In my last year of college I started to have incredibly debilitating pain around my ovaries, pelvic area. That’s when it started, fast forward over 6 years of doctors telling me it’s normal period pain. One female doctor made a drawing of the human reproductive system to show me how I ovulate and that having a 1 month period and excruciating pain was part of being a woman.
I had multiple test done, from smears, blood tests, urine tests and internal and external ultrasounds. Every time it came with nothing I felt so down during those times. Not knowing what was wrong with me pushed me into closing myself to everyone and gave me extreme anxiety. I had been changed to at least 3 different birth control pills by then and decided to go a year without them to see if it would make a change.

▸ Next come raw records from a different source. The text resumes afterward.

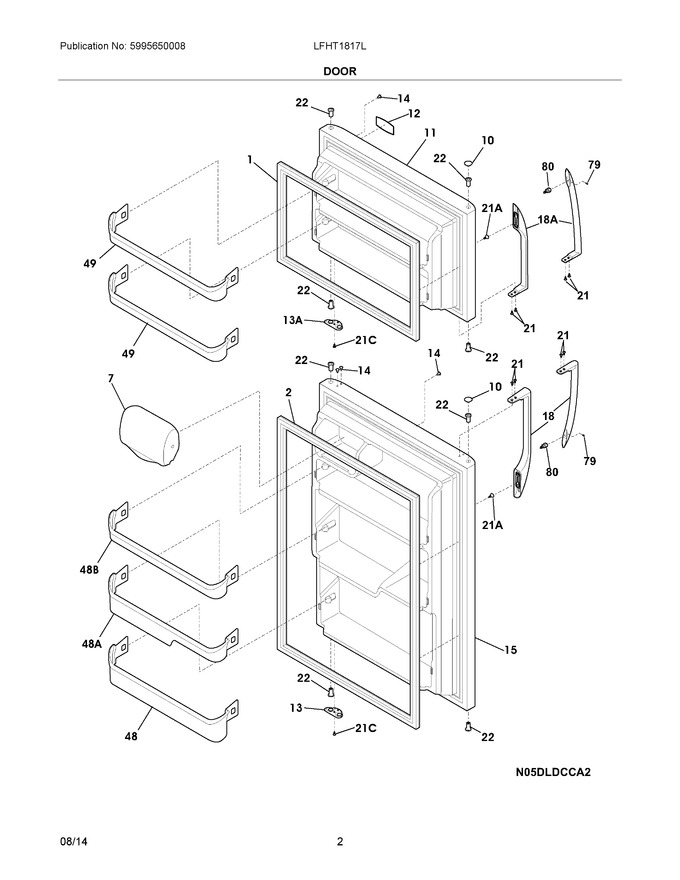 Diagram for LFHT1817LFB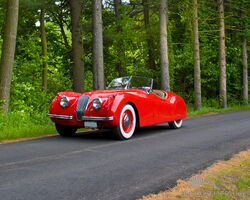 1954 Jaguar XK120 Open Two Seater | The Greenwich Auction by Bonhams | 4-5 June 2022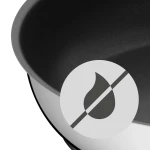 Sartén WMF DEVIL      20CM Negro Acero Inoxidable 200 mm Ø 20 cm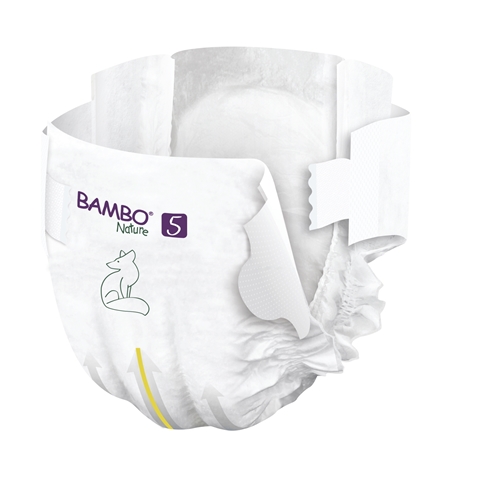 Tape bleer Bambo Nature - 5 12-18 kg storpakke - 132 stk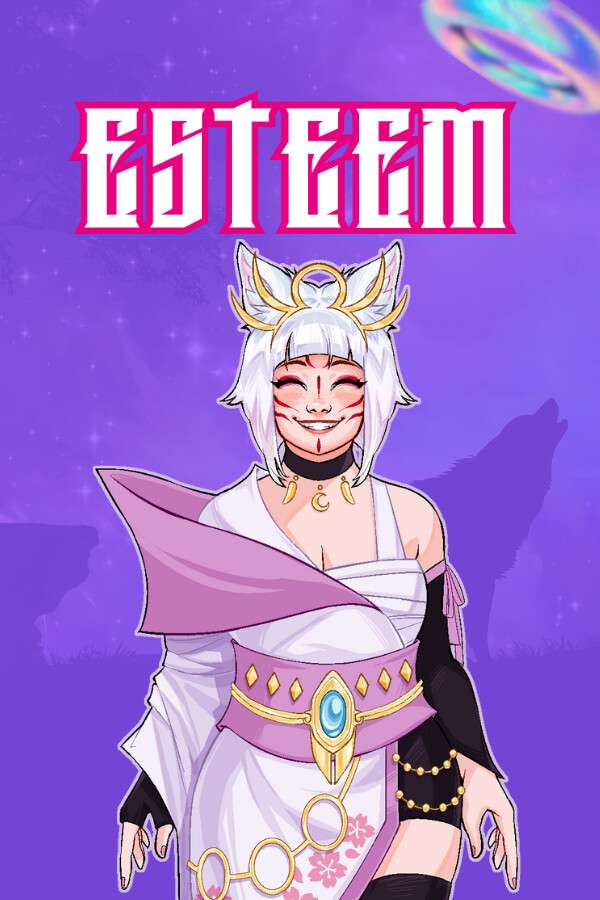 Steam portrait for Esteem - The little wolf saga.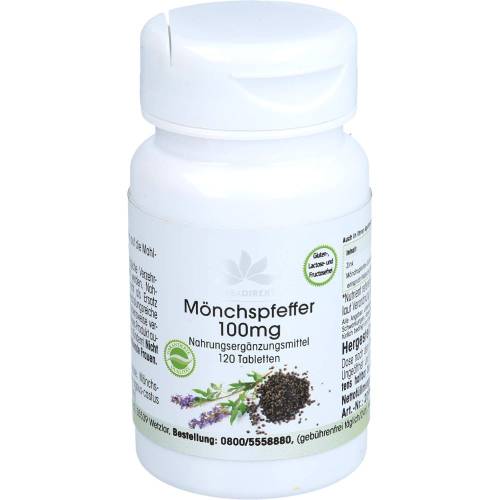Mönchspfeffer 100 mg Tabletten 120 St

Let me tell you the pain was worse. I finally decided to try acupuncture and the acupuncturist was the first to believe I had endometriosis. She helped me deal with my pain and helped by guiding on how to approach doctors regarding my chronic pain.

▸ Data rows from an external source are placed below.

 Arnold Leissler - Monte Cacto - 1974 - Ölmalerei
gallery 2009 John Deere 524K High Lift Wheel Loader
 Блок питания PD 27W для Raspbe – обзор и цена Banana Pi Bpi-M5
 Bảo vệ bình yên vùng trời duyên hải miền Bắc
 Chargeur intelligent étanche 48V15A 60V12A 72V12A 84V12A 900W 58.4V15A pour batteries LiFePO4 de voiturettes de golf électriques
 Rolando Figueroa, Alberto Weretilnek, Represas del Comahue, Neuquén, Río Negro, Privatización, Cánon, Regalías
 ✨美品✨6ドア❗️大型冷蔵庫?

After years and years of feeling lost and not connected with my own body I finally felt like I understood what was going on. Once I got a good GP she told me she thinks I have endometriosis and put me through to a specialist I had tears in my eyes because she recognised it. My laparoscopy confirmed my endometriosis and since then I have still been struggling with pain but at least I know what’s wrong with me.
My endometriosis has put me off work in the days it is painful, has it hard to focus on my studies and does get in the way of my relationship at times. Something I would like to pass on is to please if you think you have endometriosis rely on your support system and don’t stop fighting until you are helped and recognised.